In the left-side navigation pane, choose Data Governance > Data Map. On the page that appears, click Go to Data Map.
In the left navigation pane of the Data Map page, click Data Catalog (
). In the Directory List, click DataSet.Find the workspace in which to create the dataset and click its name. The dataset list for the workspace appears.
Click Create Dataset and configure the settings for your chosen storage type.
Click Save to create the dataset.
OSS dataset configuration
Dataset configuration:
| Setting | Description |
|---|---|
| Storage type | OSS |
| Content type | (Optional) The type of data being registered. Defaults to Common. |
Import configuration:
| Setting | Description |
|---|---|
| OSS path | The path of the OSS folder to mount. Make sure you have the required OSS bucket permissions. |
| Default mount path | The path used to access the data in DataWorks. Defaults to /mnt/data/. Change this value if needed. |
NAS dataset configuration
Dataset configuration:
| Setting | Description |
|---|---|
| Storage type | General-purpose NAS or Extreme NAS |
| Content type | (Optional) The type of data being registered. Defaults to Common. |
Import configuration:
| Setting | Description |
|---|---|
| File system | Select the NAS file system created in the current region under your Alibaba Cloud account. |
| File system mount target | Select a mount target to access the NAS file system. The VPC of the mount target must be connected to the VPC of the resource group. Use the same VPC for both to ensure connectivity, or see Network connectivity solutions for cross-VPC scenarios. |
| File system path | The path of the NAS folder to mount. Defaults to the root directory /. This path must exist in the NAS file system; otherwise, the dataset fails when used. |
| Default mount path | The path used to access NAS data from DataWorks. Defaults to /mnt/data/. Change this value if needed. |
Manage datasets
To manage an existing dataset, navigate to Data Catalog > DataSet, select the workspace, and click Details in the Actions column for the target dataset.

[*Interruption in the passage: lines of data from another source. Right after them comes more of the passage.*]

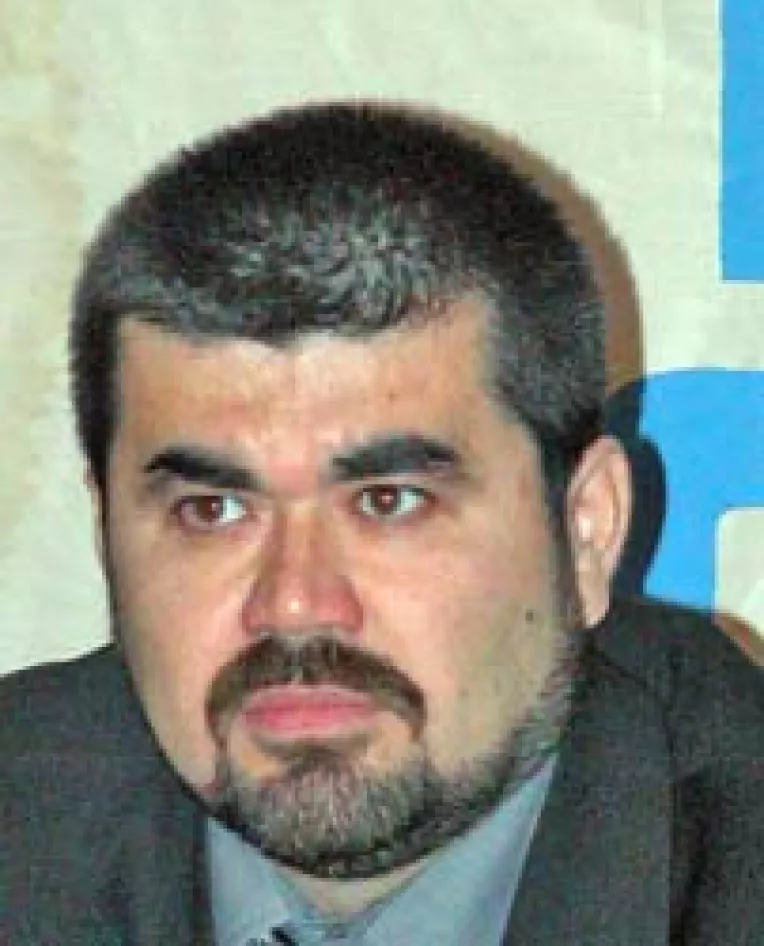 „Aceasta Guvernare se zbate in scandaluri si incompetenta”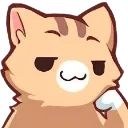 Emoji emoji_16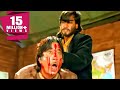 अजय देवगन ने अपने बाप के मौत का बदला कै�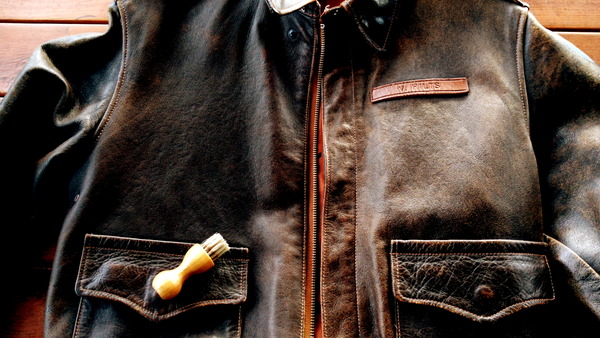 2026年02月03日、16時12分26秒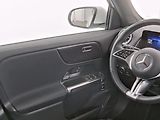 Mercedes-Benz EQB 300 4M Progressive Pano - náhled 4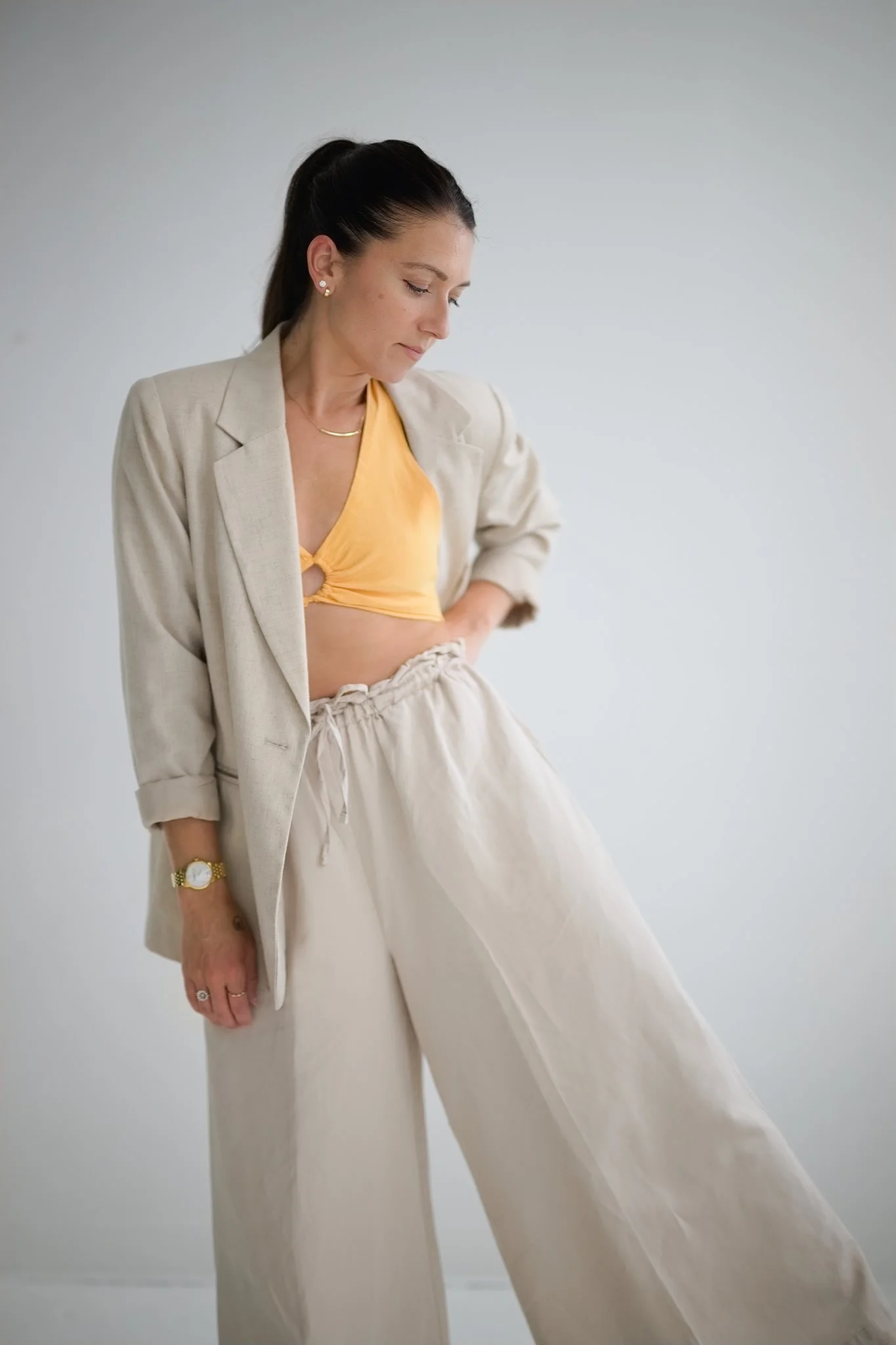 Hadley #10.jpg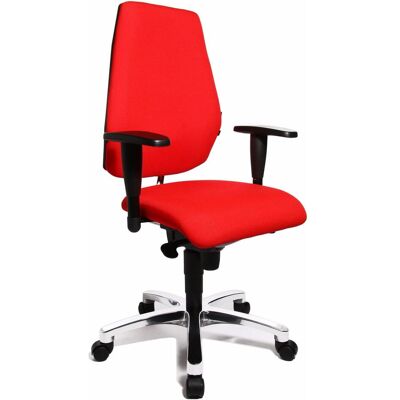 Topstar, Bürostuhl, Sitness 30 (41 - 55 cm) Topstar, Bürostuhl, Sitness 30 (41 - 55 cm)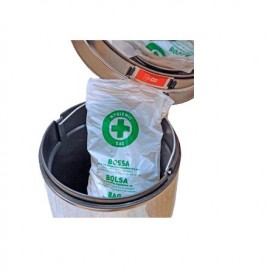 Manipulados Escrib&aacute; 2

The dataset details page shows the Attribute Information and Dataset Version sections.
Create a version
Click Create Version in the upper-right corner. When creating a new version, customize the OSS Path or NAS file system configuration and set the Default Mount Path.
Versioning captures a point-in-time snapshot of your dataset configuration. This supports:
Reproducibility: Pin a specific version to a training job so results stay consistent.
Rollback: Revert to a previous version if the current one introduces data quality issues.
Auditability: Track which version was used in each pipeline run.
View dataset data (OSS only)
Click the View Data tab, then click View in OSS to open the storage path for the selected version in the OSS console.
Delete a version
In the Dataset Version section, select the version from the drop-down menu, then click Delete.
Delete a dataset
Click Delete in the upper-right corner of the dataset details page.
Deleting a dataset or a dataset version does not delete the original files in OSS or NAS. However, the deleted dataset or version cannot be recovered from the DataWorks dataset feature. Proceed with caution.
Use a dataset
After creating a dataset, access it from the following DataWorks development tools through the configured mount path (default: /mnt/data/):
For detailed instructions, see Use a dataset.
Limitations
The dataset feature is currently in beta. The final features and stability may vary.
Billing
The dataset feature itself is free of charge. However, the underlying storage incurs fees:
OSS: Storage and network access fees. See OSS billing.
NAS: Storage and network access fees. See NAS billing.